# About this task
Below are entries; copy exactly, and only, the lines from the one containing "Gsp-Components Homepage 1440px" through their final line, leaving out pictures.

[Data excerpts]

= Beginning of Section =

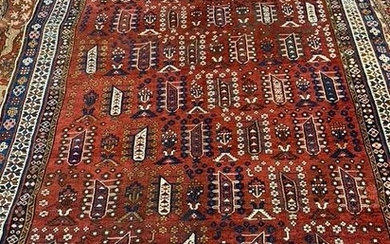 Hand Knotted Shirvan Rug 10.4x3.7 ft #13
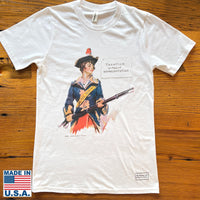 The History List Happy July 2” T-Shirt with John Adams and His Quote on The Back Heather Grey - 90% Cotton / 10% Polycotton Made in The USA / 3XL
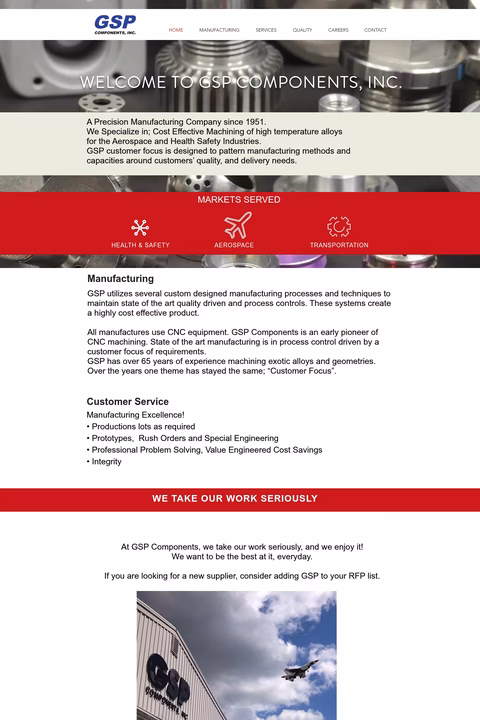 Gsp-Components Homepage 1440px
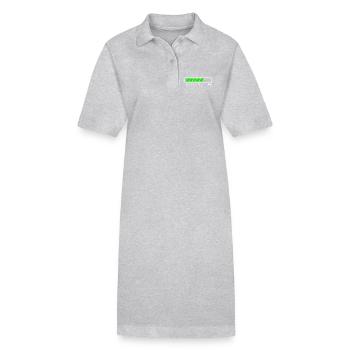 Noch lädend – Patience Gamer - BLC - Stanley/Stella Frauen Bio-Polokleid PAIGER - Grau meliert - Vorne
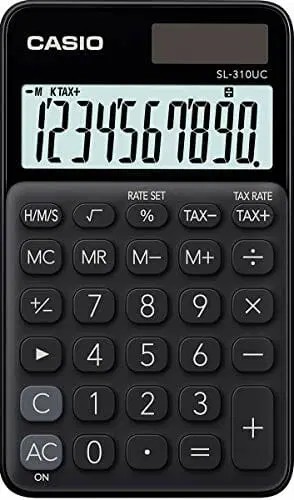 Casio SL-310UC-BK Kalkulator Kieszonkowy - Czarny,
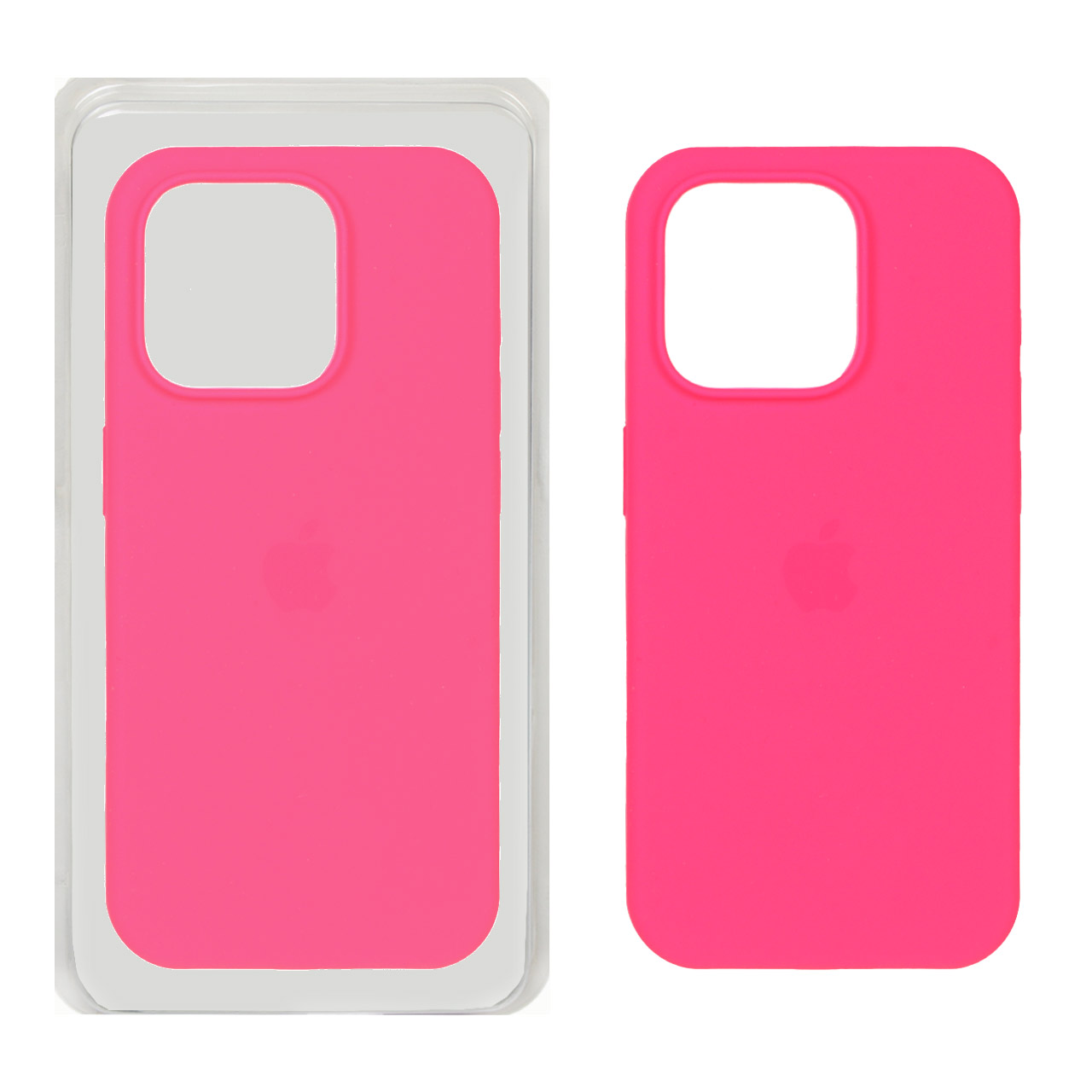 قاب سیلیکونی پاک کنی اورجینال Apple iPhone 15 Pro - صورتی فانتزی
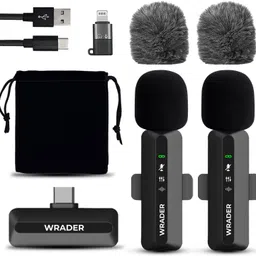 moozmob Collar Mic with Fur Noise Cancelling for Video Making, Vlogs Recording Wireless Microphone-picture-7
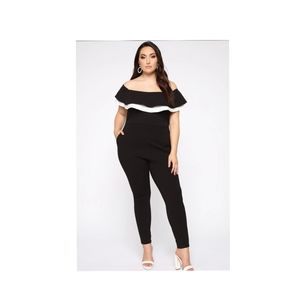 Black off the shoulder Jumpsuit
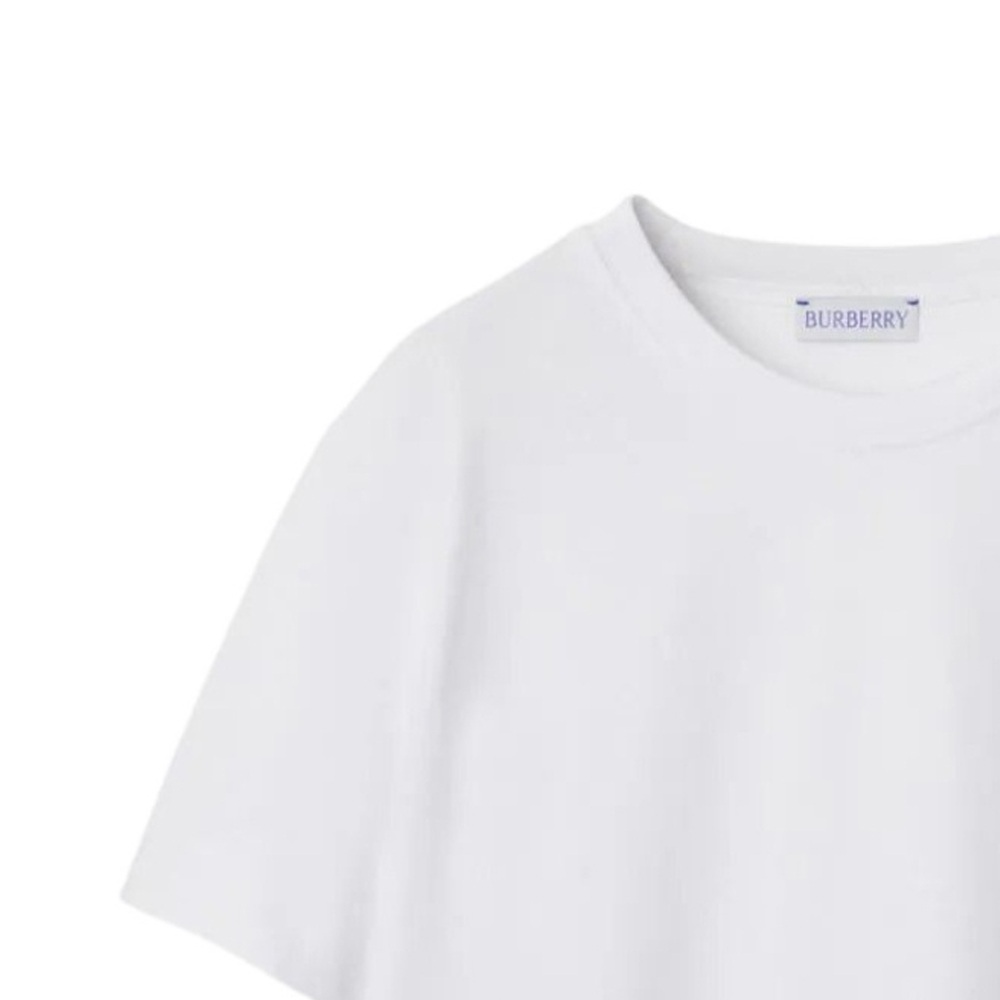 Cheap (Women) Burberry  White Jewelry Print Crewneck Oversized Short-Sleeve T-Shirt SS24. 80882151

= End of Section =

# Response to this task
 Gsp-Components Homepage 1440px
 Noch lädend – Patience Gamer - BLC - Stanley/Stella Frauen Bio-Polokleid PAIGER - Grau meliert - Vorne
 Casio SL-310UC-BK Kalkulator Kieszonkowy - Czarny,
 قاب سیلیکونی پاک کنی اورجینال Apple iPhone 15 Pro - صورتی فانتزی
 moozmob Collar Mic with Fur Noise Cancelling for Video Making, Vlogs Recording Wireless Microphone-picture-7
 Black off the shoulder Jumpsuit
 Cheap (Women) Burberry  White Jewelry Print Crewneck Oversized Short-Sleeve T-Shirt SS24. 80882151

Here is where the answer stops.